* **YOUR ASSIGNMENT**
All lines from the one with "#GESUNDHEITSKOLLAPS - DEMONSTRATION" to the end of the data: return those exactly, and only those.
***** THE INPUT
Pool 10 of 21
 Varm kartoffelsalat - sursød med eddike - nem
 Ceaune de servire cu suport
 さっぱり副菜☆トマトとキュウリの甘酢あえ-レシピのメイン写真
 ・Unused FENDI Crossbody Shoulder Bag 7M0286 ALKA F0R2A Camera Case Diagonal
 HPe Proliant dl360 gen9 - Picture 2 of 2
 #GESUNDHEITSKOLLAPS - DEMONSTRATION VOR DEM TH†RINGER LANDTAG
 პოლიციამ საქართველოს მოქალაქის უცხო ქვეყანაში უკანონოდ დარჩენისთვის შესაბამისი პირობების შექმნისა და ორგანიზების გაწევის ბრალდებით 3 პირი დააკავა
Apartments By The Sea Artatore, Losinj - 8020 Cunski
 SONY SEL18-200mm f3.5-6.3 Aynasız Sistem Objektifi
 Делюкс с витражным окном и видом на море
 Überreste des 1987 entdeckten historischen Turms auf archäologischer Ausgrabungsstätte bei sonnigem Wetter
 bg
**********
* **TASK SOLUTION**
 #GESUNDHEITSKOLLAPS - DEMONSTRATION VOR DEM TH†RINGER LANDTAG
 პოლიციამ საქართველოს მოქალაქის უცხო ქვეყანაში უკანონოდ დარჩენისთვის შესაბამისი პირობების შექმნისა და ორგანიზების გაწევის ბრალდებით 3 პირი დააკავა
Apartments By The Sea Artatore, Losinj - 8020 Cunski
 SONY SEL18-200mm f3.5-6.3 Aynasız Sistem Objektifi
 Делюкс с витражным окном и видом на море
 Überreste des 1987 entdeckten historischen Turms auf archäologischer Ausgrabungsstätte bei sonnigem Wetter
 bg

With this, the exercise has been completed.